ANZ comes under fire by Reserve Bank

by Ksenia Stepanova17 May 2019

The Reserve Bank of New Zealand (RBNZ) has revoked ANZ’s approval to model its own operational risk capital requirements, citing a “persistent failure in its controls and attestation processes.”

ANZ is now required to use the standardised approach for calculating operational risk capital, which will increase its minimum capital held for operational risk by approximately 60% to $760 million.

Banks in New Zealand can calculate their capital requirements in two ways: through internal models approved by the Reserve Bank, or through the standardised approach.
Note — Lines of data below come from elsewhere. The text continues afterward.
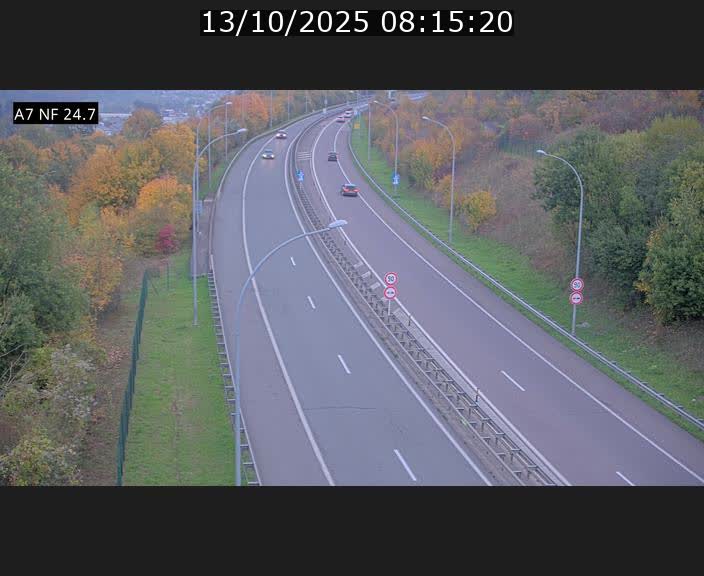 <h2>Caméra trafic Luxembourg - A7, Schieren direction Mersch</h2>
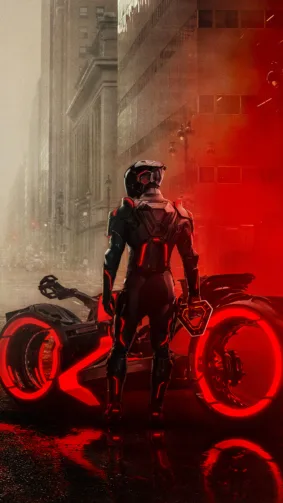 Tron - Ares Movie Poster 4K Ultra HD Mobile Wallpaper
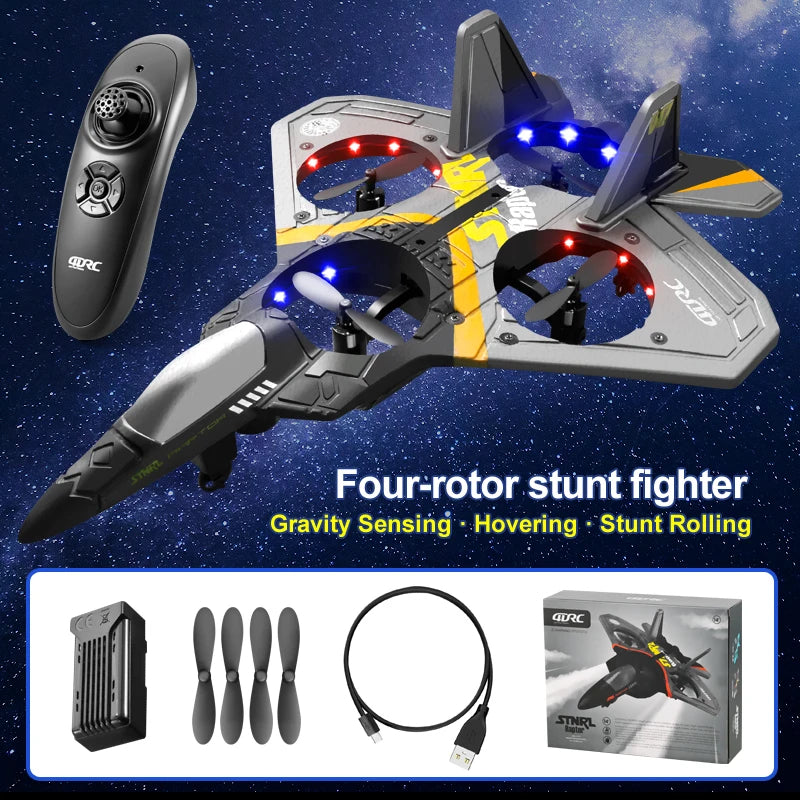 V17 Jet Fighter Stunt RC Airplane 6Y+ 7496190918791-1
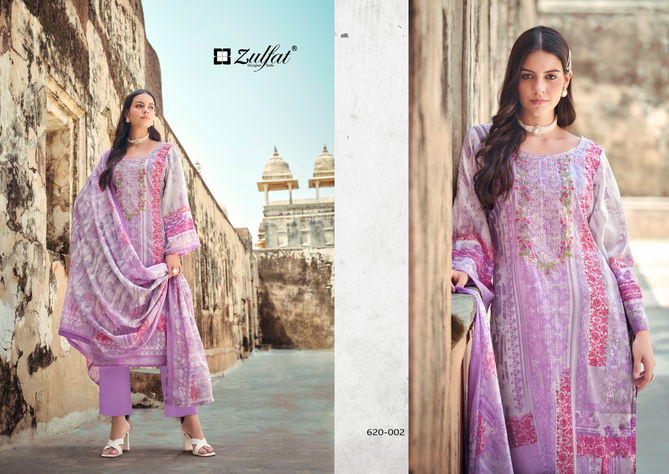 Gulnaaz By Zulfat Cotton Printed Dress Material Suppliers In India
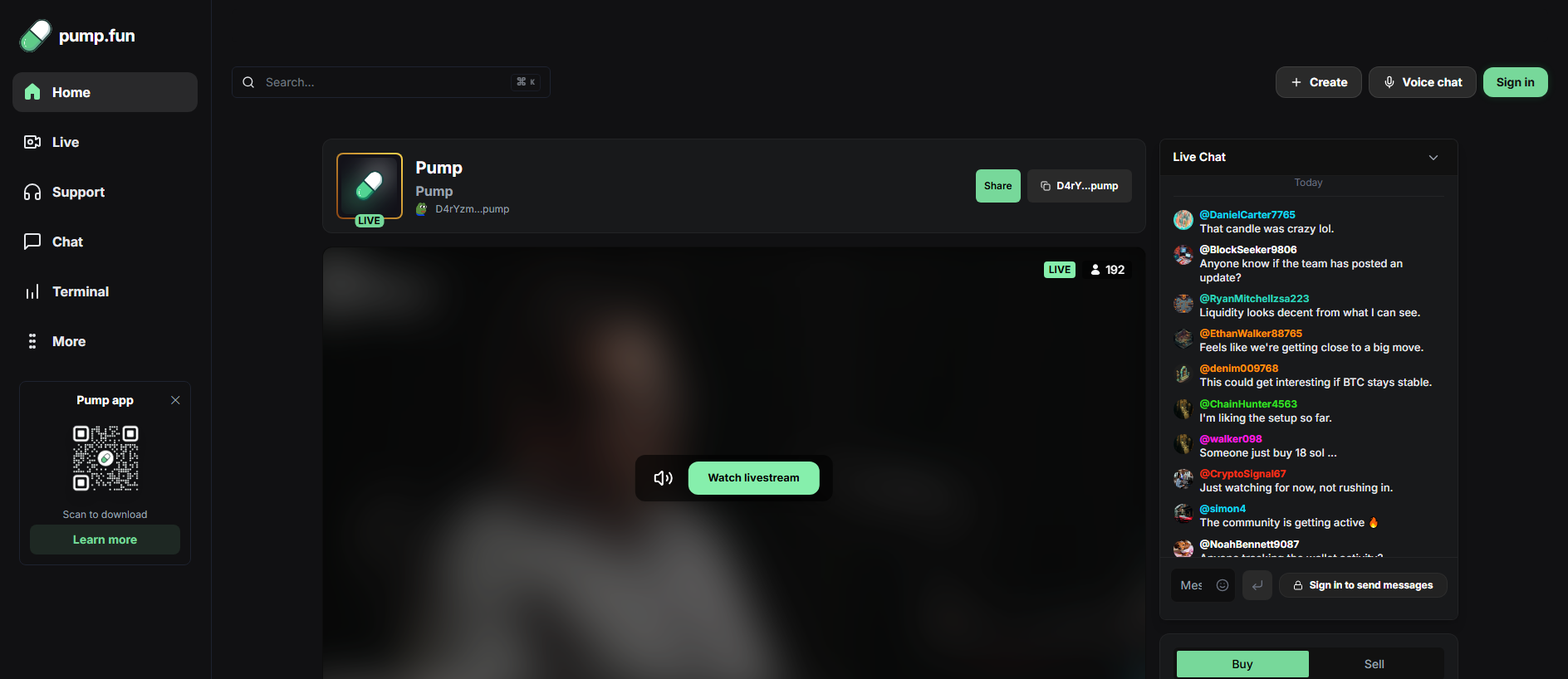 Stored capture of pumpfunlivestream.xyz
Reserve Bank Deputy Governor Geoff Bascand says ANZ had not used an approved model since 2014, and that this highlighted a “persistent weakness” in the bank’s assurance process.

“Accreditation is earned through maintaining high risk management standards, and comes with stringent responsibilities for the bank’s directors and management,” Bascand stated.

“The Reserve Bank’s role is to review and approve internal models. The onus is then on bank directors to ensure, and attest, that their bank is compliant with the Reserve Bank’s regulatory requirements. To do that, bank directors need to be satisfied that the internal assurance processes that sit behind the attestations are being adhered to.”

“ANZ’s directors have attested to compliance despite the approved model not being used since 2014,” he continued. “The fact that this issue was not identified for so long highlights a persistent weakness with ANZ’s assurance process.”

The Reserve Bank has encouraged ANZ to conduct a full review of its attestation processes, and to assess its compliance with capital regulations. Bascand says it will “continue to work with ANZ in assessing its systems controls before determining any further action.”